Disaster Recovery

Disaster recovery (DR) is the set of policies, tools, and procedures for restoring a system after a catastrophic failure — data center outage, region-wide cloud failure, data corruption, or a severe security breach. The goal is to resume operations within acceptable time and data-loss limits.

Every system needs a DR plan proportional to the cost of downtime. For some businesses, an hour of downtime is an inconvenience. For others, it's millions in lost revenue and regulatory penalties.

RPO & RTO

The two metrics that define every DR plan:

RPO (Recovery Point Objective)

The maximum acceptable amount of data loss, measured in time.

RPO = 0: No data loss. Requires synchronous replication.
RPO = 1 hour: Can lose up to 1 hour of data. Hourly backups are sufficient.
RPO = 24 hours: Daily backups are sufficient.

RTO (Recovery Time Objective)

The maximum acceptable downtime, measured from the moment of failure to full service restoration.

RTO = 0 (near-zero): Automatic failover to a hot standby. Seconds of downtime.
RTO = 1 hour: Manual failover to a warm standby, plus validation.
RTO = 24 hours: Restore from backups, rebuild infrastructure.

The Cost Trade-Off

Lower RPO and RTO cost more. Zero data loss and zero downtime require synchronous replication to a hot standby in a separate region — expensive infrastructure and complex operations.

RPO/RTO         Approach                      Relative cost
24h / 24h       Daily backups to S3           $
4h / 4h         Frequent backups + warm DR    $$
1h / 1h         Continuous replication + warm  $$$
~0 / ~0         Multi-region active-active     $$$$

Choose RPO and RTO based on business impact. Not every system needs active-active multi-region.

Backup Strategies

Full Backups

Copy the entire dataset. Simple to restore but large and slow to create.

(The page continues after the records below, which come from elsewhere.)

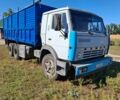 КамАЗ Другая, об'ємом двигуна 0 л та пробігом 0 тис. км за 8200 $, фото 3 на Automoto.ua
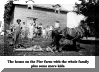 Pierfarmhouse.gif (405927 bytes)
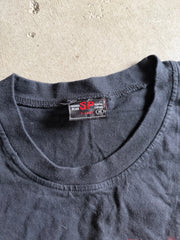 Y2K Marilyn Manson Band Tee Sz XL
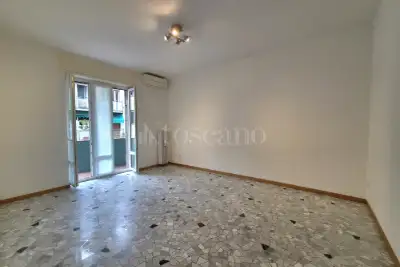 Casa in vendita, Via Achille Maiocchi, Milano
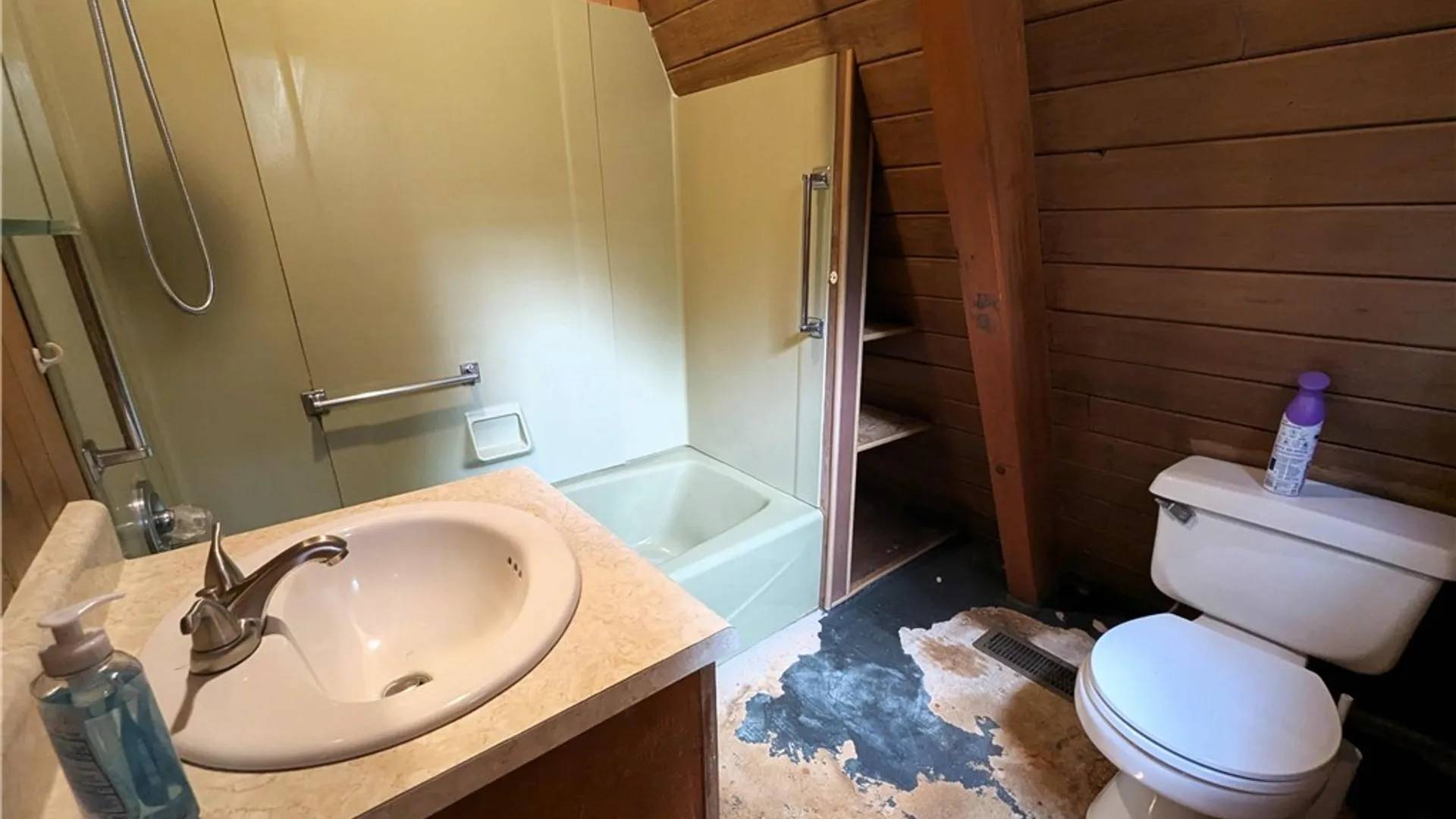 Property at 7581 Bully Hill Road, Almond, NY 14804 28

Monday: Full backup (100 GB)
Tuesday: Full backup (101 GB)
Wednesday: Full backup (102 GB)

Storage cost: ~300 GB for 3 days of backups

Incremental Backups

After the initial full backup, only back up the data that changed since the last backup (full or incremental).

Monday: Full backup (100 GB)
Tuesday: Incremental (2 GB of changes since Monday)
Wednesday: Incremental (3 GB of changes since Tuesday)

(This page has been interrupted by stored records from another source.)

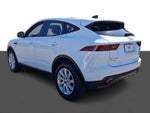 2020 Jaguar E-PACE P250 AWD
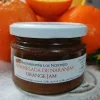 mermeladanaranja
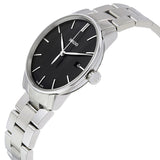 Rado R22864152 Coupole Classic Quartz Men's Watch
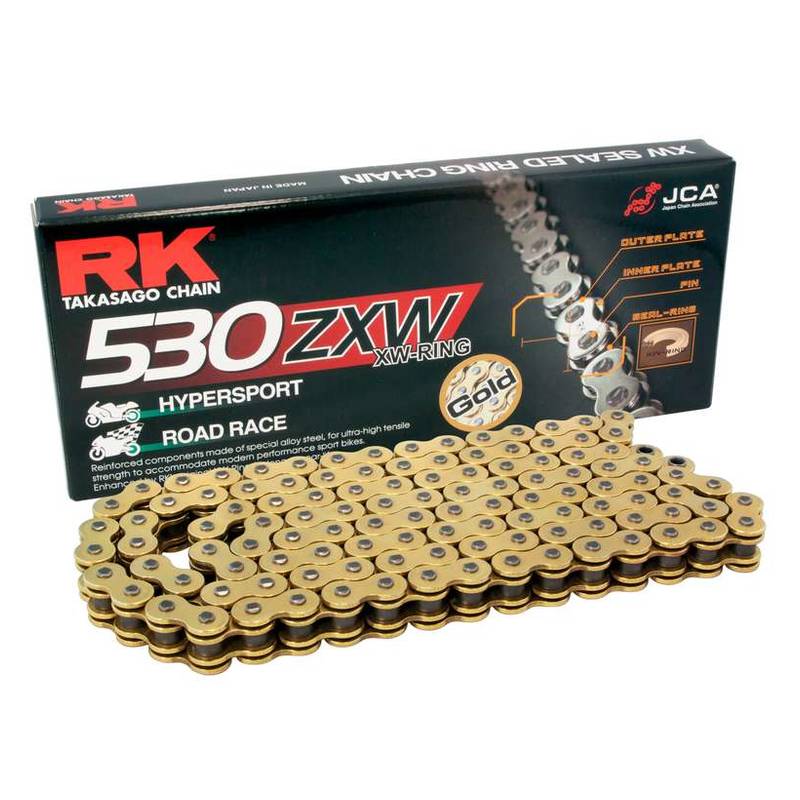 880385-Kette-RK-530ZXW-114-verstarkt-GB-gold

Storage cost: ~105 GB for 3 days
Restore: Apply Monday full + Tuesday incremental + Wednesday incremental

Faster backups, less storage, but slower restores (must replay the chain).

Differential Backups

After the initial full backup, back up everything that changed since the last full backup.

Monday: Full backup (100 GB)
Tuesday: Differential (2 GB of changes since Monday)
Wednesday: Differential (5 GB of changes since Monday — includes Tuesday's changes)

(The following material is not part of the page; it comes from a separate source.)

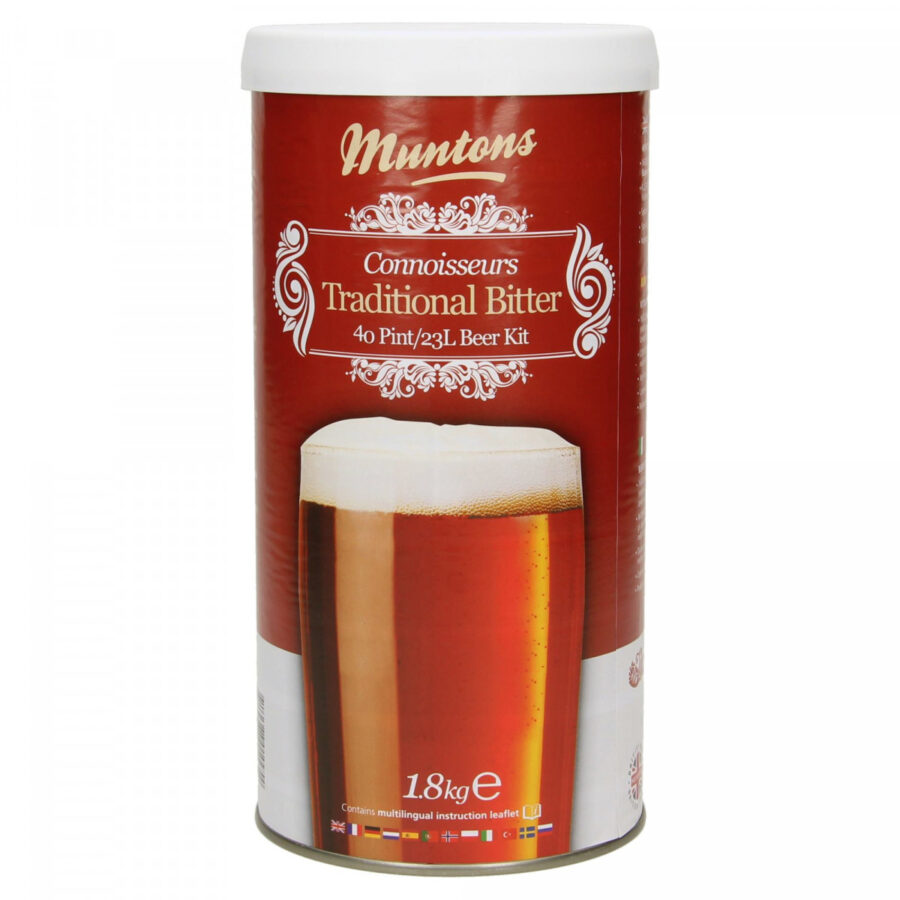 beer-kit-muntons-traditional-bitter-18-kg beer-kit-muntons-traditional-bitter-18-kg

Restore: Apply Monday full + Wednesday differential (just two steps)

A middle ground: faster restores than incremental, less storage than full.

Point-in-Time Recovery (PITR)

Combine a base backup with continuous WAL (Write-Ahead Log) archiving. Restore to any specific point in time.

Sunday 00:00: Base backup
WAL segments archived continuously

Restore to Wednesday 14:30:
  1. Restore Sunday's base backup
  2. Replay WAL segments up to Wednesday 14:30
  3. Database reflects exact state at that moment

PostgreSQL, MySQL, and managed services like AWS RDS support PITR. This is the gold standard for database disaster recovery.

Backup Locations

Same region, different AZ: Protects against single-AZ failure. Does not protect against regional disaster.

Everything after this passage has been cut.